## [Requirement]
Number of lines below with the word "trang": give it and nothing more.

## [Items from a dataset]
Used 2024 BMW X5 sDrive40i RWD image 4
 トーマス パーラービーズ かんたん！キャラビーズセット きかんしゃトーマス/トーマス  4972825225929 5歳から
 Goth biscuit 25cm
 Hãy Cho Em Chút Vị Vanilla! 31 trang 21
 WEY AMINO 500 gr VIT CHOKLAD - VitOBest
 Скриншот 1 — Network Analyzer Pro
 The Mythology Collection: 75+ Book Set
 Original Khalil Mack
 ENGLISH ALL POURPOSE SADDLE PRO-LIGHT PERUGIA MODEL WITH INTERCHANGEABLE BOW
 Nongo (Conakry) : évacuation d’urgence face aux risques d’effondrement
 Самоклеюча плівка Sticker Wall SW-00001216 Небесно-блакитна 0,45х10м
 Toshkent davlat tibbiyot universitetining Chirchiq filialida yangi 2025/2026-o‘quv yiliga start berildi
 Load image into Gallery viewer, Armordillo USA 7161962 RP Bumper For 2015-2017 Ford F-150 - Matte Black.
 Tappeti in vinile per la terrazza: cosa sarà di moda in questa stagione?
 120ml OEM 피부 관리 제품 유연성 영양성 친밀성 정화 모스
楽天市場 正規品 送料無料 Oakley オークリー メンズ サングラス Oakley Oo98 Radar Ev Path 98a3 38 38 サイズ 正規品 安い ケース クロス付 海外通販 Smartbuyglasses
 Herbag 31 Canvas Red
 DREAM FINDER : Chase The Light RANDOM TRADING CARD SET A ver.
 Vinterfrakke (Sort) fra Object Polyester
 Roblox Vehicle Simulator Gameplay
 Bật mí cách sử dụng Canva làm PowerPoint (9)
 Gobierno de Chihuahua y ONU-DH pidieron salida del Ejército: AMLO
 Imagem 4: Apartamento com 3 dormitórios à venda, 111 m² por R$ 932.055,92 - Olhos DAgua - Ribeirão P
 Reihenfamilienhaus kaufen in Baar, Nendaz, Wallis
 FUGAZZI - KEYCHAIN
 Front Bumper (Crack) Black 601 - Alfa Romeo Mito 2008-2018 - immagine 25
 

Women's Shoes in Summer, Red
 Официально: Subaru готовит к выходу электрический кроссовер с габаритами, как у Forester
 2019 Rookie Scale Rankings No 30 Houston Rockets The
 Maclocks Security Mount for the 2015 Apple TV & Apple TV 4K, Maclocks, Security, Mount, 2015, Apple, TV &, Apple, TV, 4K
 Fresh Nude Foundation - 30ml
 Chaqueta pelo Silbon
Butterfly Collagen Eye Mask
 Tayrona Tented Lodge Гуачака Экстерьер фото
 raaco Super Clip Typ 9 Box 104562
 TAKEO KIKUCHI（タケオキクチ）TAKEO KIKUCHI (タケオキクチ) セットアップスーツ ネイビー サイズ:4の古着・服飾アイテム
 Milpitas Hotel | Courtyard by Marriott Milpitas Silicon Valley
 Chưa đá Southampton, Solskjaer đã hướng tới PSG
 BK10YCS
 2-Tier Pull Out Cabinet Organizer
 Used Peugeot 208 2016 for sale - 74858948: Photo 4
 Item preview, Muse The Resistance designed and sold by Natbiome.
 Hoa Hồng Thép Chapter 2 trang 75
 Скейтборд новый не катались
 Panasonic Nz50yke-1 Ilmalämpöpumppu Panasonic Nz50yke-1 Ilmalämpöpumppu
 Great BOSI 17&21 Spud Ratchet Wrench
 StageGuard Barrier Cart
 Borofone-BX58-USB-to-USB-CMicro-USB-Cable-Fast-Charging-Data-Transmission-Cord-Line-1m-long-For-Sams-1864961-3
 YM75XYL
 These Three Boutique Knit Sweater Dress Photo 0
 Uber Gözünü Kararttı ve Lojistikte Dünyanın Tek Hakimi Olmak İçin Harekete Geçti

## [Task solution]
2